JP3289322B2 - Roll bearing device - Google Patents

Description

DETAILED DESCRIPTION OF THE INVENTION

[0001]

BACKGROUND OF THE INVENTION 1. Field of the Invention The present invention relates to a roll bearing device used in a rolling mill or the like in which a thrust force largely acts on a roll such as a rolling mill in which rolls are arranged crosswise in a horizontal plane parallel to a plate material to roll the plate material. It is about.

[0002]

2. Description of the Related Art In recent years, the requirements for the thickness accuracy of a rolled product in the sheet width direction have become increasingly severe. Generally, a hot coil has an intermediate height in the plate width direction. To correct the thickness distribution so as to cancel this, a method of attaching an initial crown to the work roll in advance, or a method of bending the work roll is used. It has been known.

However, in the case of a method of attaching a crown to a work roll, a number of rolls corresponding to a rolling condition such as a plate width and a thickness of a plate material are held, and a different crown is set every time the rolling condition changes. The work roll has to be replaced, and this causes a problem of lowering the operation rate. On the other hand, in the case of bending the work roll, the work roll may be added to the work roll due to the strength of the roll neck. Since the bending force is limited, there is a problem that a sufficient ability to correct the thickness distribution in the plate width direction cannot be obtained.

In order to solve these problems, as shown in an example in FIG. 3, the upper work roll 1 and the upper backup roll 3 and the lower work roll 2 and the lower backup roll 4 are kept parallel to each other while keeping their axes horizontal. A roll-cross type rolling mill has been developed in which the upper and lower pair rolls are arranged to form a plate pair 5 and the plate 5 is rolled in a state where the axes of the upper and lower pair rolls intersect in a horizontal plane (Japanese Patent Laid-Open Publication No. H11-163873). No. 55-64908). In this rolling mill, the thickness distribution in the width direction of the plate material 5 can be controlled by adjusting the crossing angle (cross angle) of the upper and lower pair rolls, so that a product having a uniform thickness can be rolled.
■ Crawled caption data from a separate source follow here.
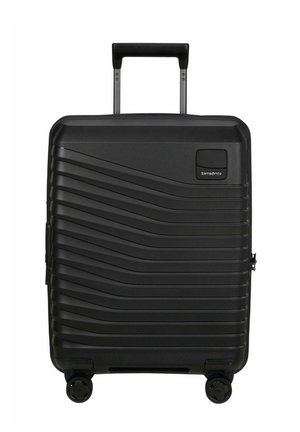 Valise rigide noire avec motifs ondulés horizontaux, quatre roues pivotantes, poignée rétractable et logo Samsonite en haut à droite sur le devant.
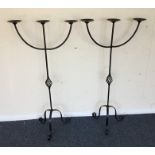 A pair of wrought iron candle holders. Est. £20 -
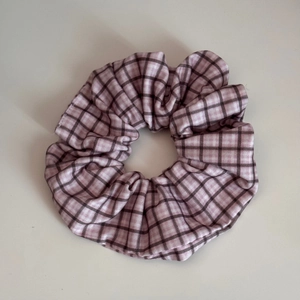 Makroaufnahme von kariertem Stoff-Scrunchie in Rosa und Braun mit feiner Webstruktur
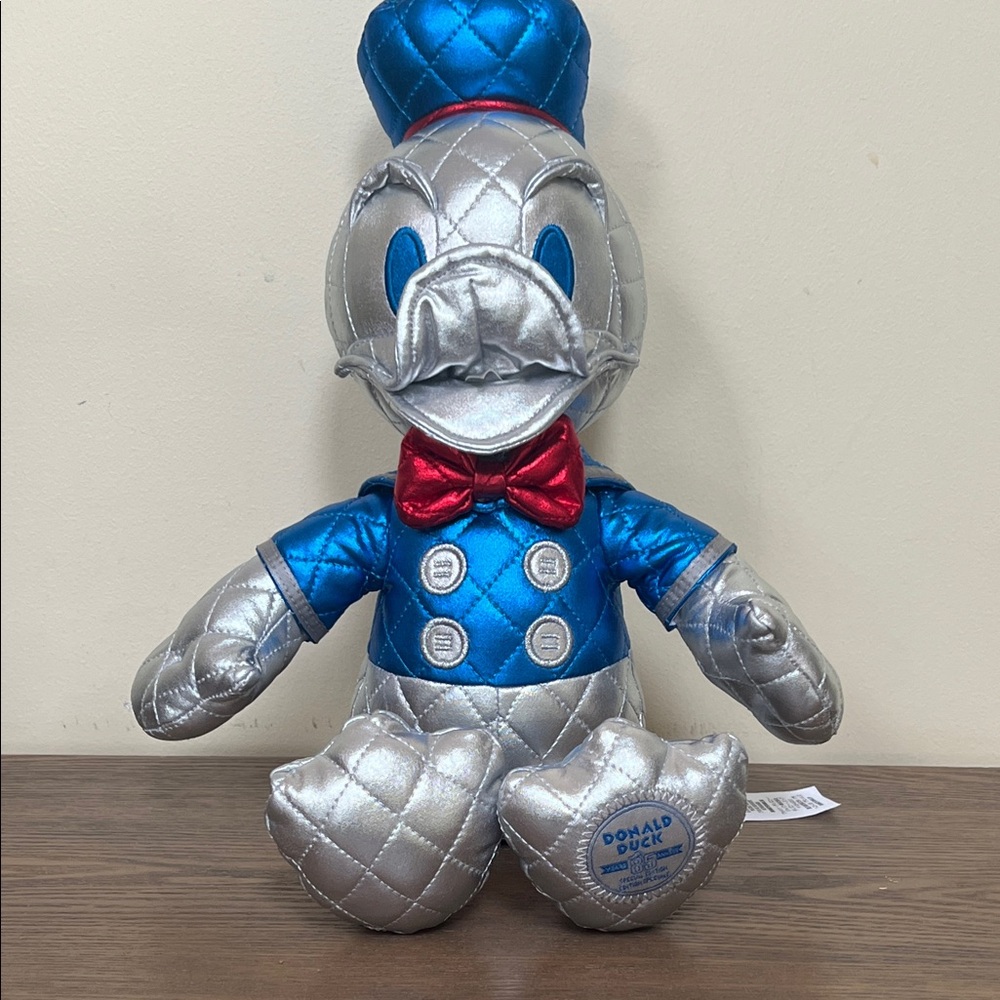 Disney Donald Duck 85th Anniversary Silver and Blue Plush with Red Accent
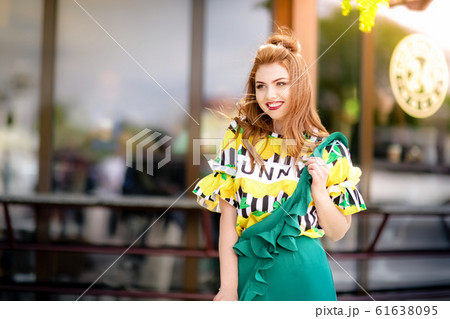 A woman walks down the street along tourist cafes in bright attractive clothes A woman walks down the street along tourist cafes in bright attractive clothes 61638095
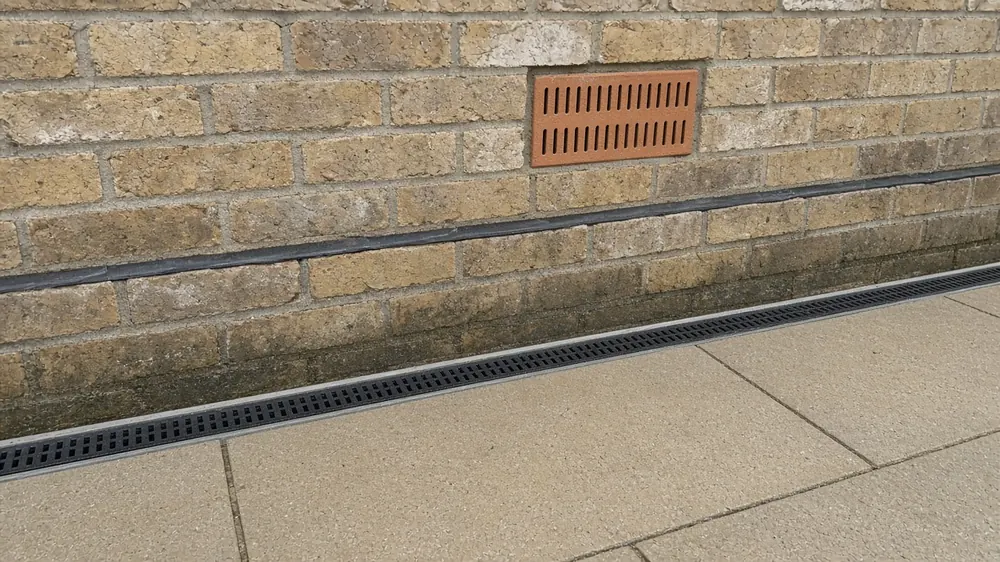 Example image: a patio edge kept below an airbrick with a channel drain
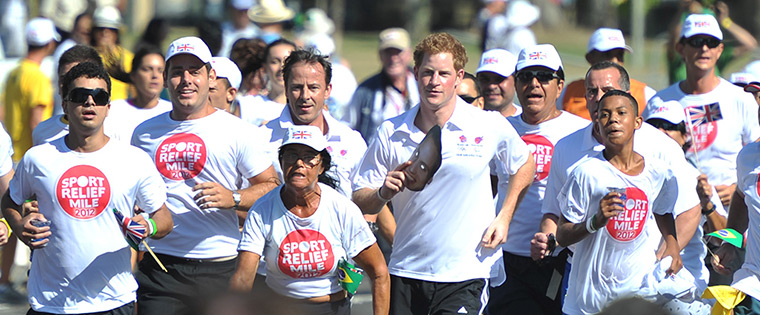 Prince Harry on tour: Prince Harry holds a mask as he runs a Sport Relief Mile in Rio de Janeiro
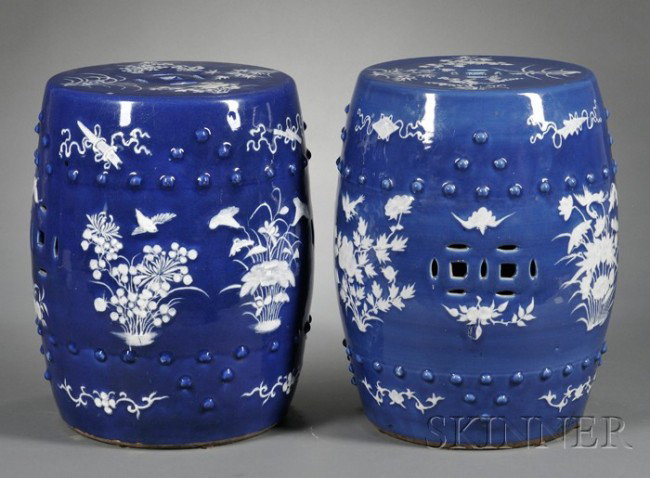 Near Pair of Chinese Export Porcelain Garden Seats,: Near Pair of Chinese Export Porcelain Garden Seats, late 19th century, barrel-form seats with pierced cashes and borders of bosses in relief, blue glaze ornamented with white flowers, birds, butterfli
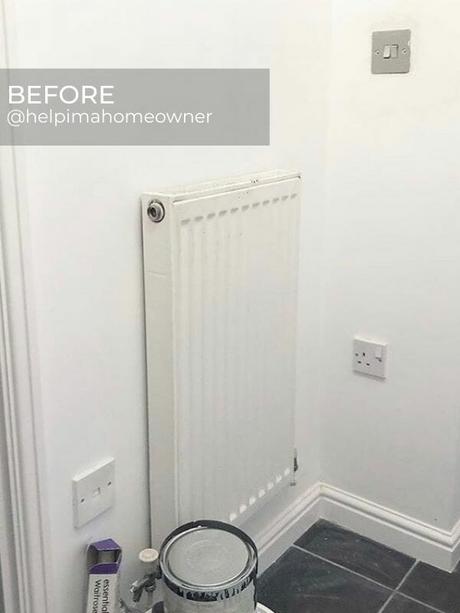 old convector radiator in a corner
However, since rolling is performed with the roll tilted in a horizontal plane, there is a problem that an excessive thrust force is generated in the roll.

Therefore, in a conventional rolling mill in which a thrust force is generated in a work roll such as the above-mentioned roll-cross type rolling mill, as shown in FIG. A radial bearing 6 that supports the rotation of the roll and a thrust bearing 7 that receives a thrust force are mounted on the roll shaft 1a in the axial direction. The shaft 1a is supported.
255207).

[0006]

However, as described above, the structure in which the radial bearing 6 and the thrust bearing 7 are simply incorporated in the axle box 8 has a problem in that the load capacity with respect to the thrust force is low. That is, it has been confirmed that a thrust force of about 10% of the rolling load acts on the work roll in the above-mentioned roll-cross type rolling mill, and since this excessive thrust force acts on the thrust bearing 7, wear and the like are caused. As a result, the life of the thrust bearing 7 is very short, and therefore, the frequency of replacement of the thrust bearing 7 increases, and the maintenance management is difficult.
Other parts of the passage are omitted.